### Short descriptive text snippets
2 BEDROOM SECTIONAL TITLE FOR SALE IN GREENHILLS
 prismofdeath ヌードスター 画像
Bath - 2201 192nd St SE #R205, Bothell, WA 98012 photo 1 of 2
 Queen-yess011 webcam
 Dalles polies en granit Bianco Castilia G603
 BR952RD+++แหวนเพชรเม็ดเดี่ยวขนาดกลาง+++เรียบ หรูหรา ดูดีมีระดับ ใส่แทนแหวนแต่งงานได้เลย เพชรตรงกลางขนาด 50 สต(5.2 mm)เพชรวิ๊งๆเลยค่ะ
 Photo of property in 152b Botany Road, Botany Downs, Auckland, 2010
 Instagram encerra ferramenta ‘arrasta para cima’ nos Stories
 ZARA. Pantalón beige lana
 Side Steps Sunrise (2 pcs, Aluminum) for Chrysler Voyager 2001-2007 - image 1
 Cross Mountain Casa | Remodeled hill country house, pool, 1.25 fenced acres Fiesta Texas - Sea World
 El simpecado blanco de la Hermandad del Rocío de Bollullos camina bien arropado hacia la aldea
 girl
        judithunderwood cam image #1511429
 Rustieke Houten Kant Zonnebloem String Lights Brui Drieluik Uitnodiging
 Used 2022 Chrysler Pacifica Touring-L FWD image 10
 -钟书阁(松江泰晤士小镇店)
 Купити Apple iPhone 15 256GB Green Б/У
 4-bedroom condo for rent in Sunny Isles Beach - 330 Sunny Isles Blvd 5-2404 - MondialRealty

### What to work on
The data given before this task must be transcribed exactly and in full.

### Problem solution
2 BEDROOM SECTIONAL TITLE FOR SALE IN GREENHILLS
 prismofdeath ヌードスター 画像
Bath - 2201 192nd St SE #R205, Bothell, WA 98012 photo 1 of 2
 Queen-yess011 webcam
 Dalles polies en granit Bianco Castilia G603
 BR952RD+++แหวนเพชรเม็ดเดี่ยวขนาดกลาง+++เรียบ หรูหรา ดูดีมีระดับ ใส่แทนแหวนแต่งงานได้เลย เพชรตรงกลางขนาด 50 สต(5.2 mm)เพชรวิ๊งๆเลยค่ะ
 Photo of property in 152b Botany Road, Botany Downs, Auckland, 2010
 Instagram encerra ferramenta ‘arrasta para cima’ nos Stories
 ZARA. Pantalón beige lana
 Side Steps Sunrise (2 pcs, Aluminum) for Chrysler Voyager 2001-2007 - image 1
 Cross Mountain Casa | Remodeled hill country house, pool, 1.25 fenced acres Fiesta Texas - Sea World
 El simpecado blanco de la Hermandad del Rocío de Bollullos camina bien arropado hacia la aldea
 girl
        judithunderwood cam image #1511429
 Rustieke Houten Kant Zonnebloem String Lights Brui Drieluik Uitnodiging
 Used 2022 Chrysler Pacifica Touring-L FWD image 10
 -钟书阁(松江泰晤士小镇店)
 Купити Apple iPhone 15 256GB Green Б/У
 4-bedroom condo for rent in Sunny Isles Beach - 330 Sunny Isles Blvd 5-2404 - MondialRealty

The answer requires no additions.